[[ Records for this exercise, beginning ]]
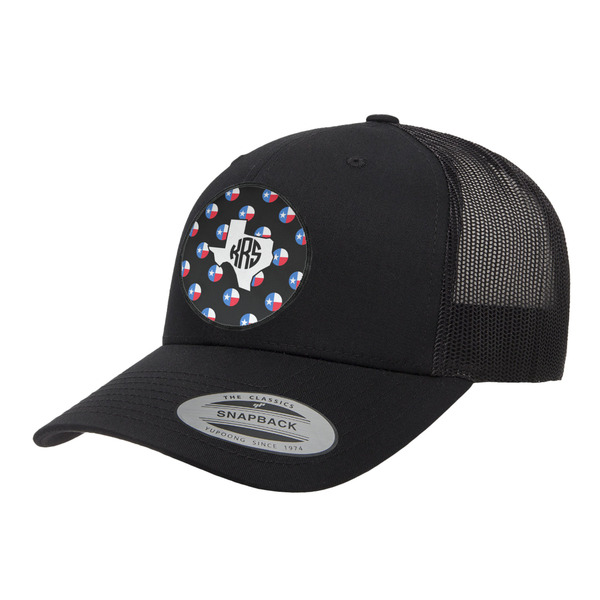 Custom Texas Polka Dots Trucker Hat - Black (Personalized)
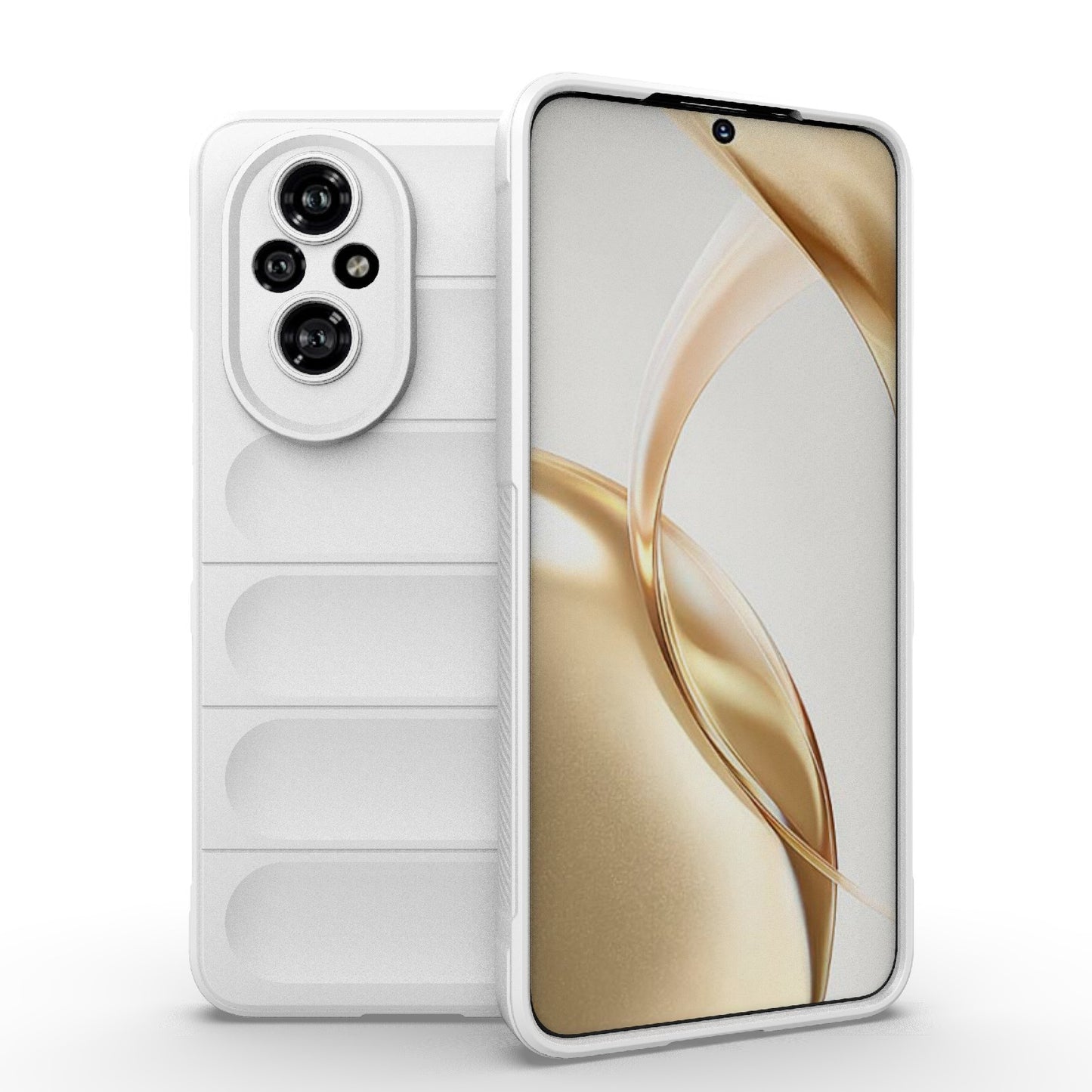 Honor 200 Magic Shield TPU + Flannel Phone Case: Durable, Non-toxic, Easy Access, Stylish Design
[[ Records for this exercise, end ]]
[[ Records for this exercise, beginning ]]
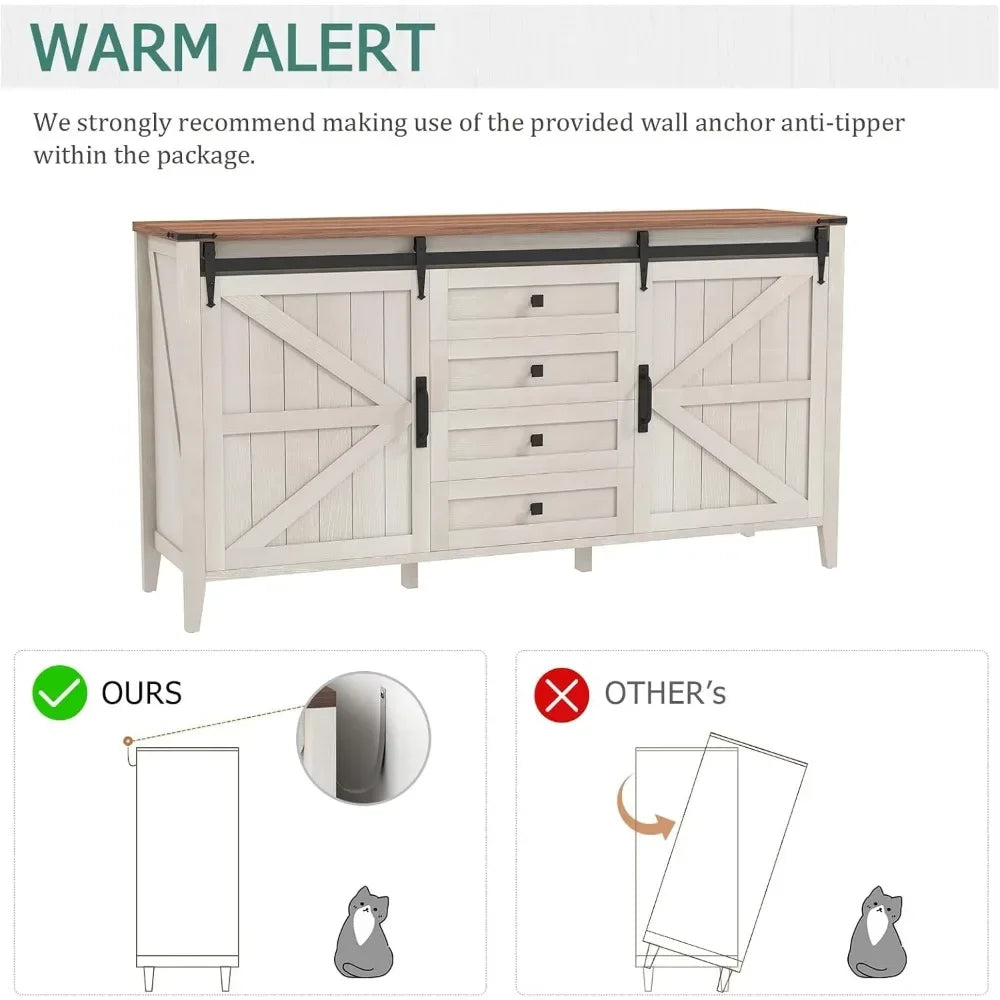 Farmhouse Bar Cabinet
[[ Records for this exercise, end ]]
▶ _About this exercise_
Would you copy out, exactly and with no pictures, only the lines above from the one that contains "Custom Texas Polka" through the one that contains "Honor 200 Magic"?

▶ _Output below_
 Custom Texas Polka Dots Trucker Hat - Black (Personalized)
 Honor 200 Magic Shield TPU + Flannel Phone Case: Durable, Non-toxic, Easy Access, Stylish Design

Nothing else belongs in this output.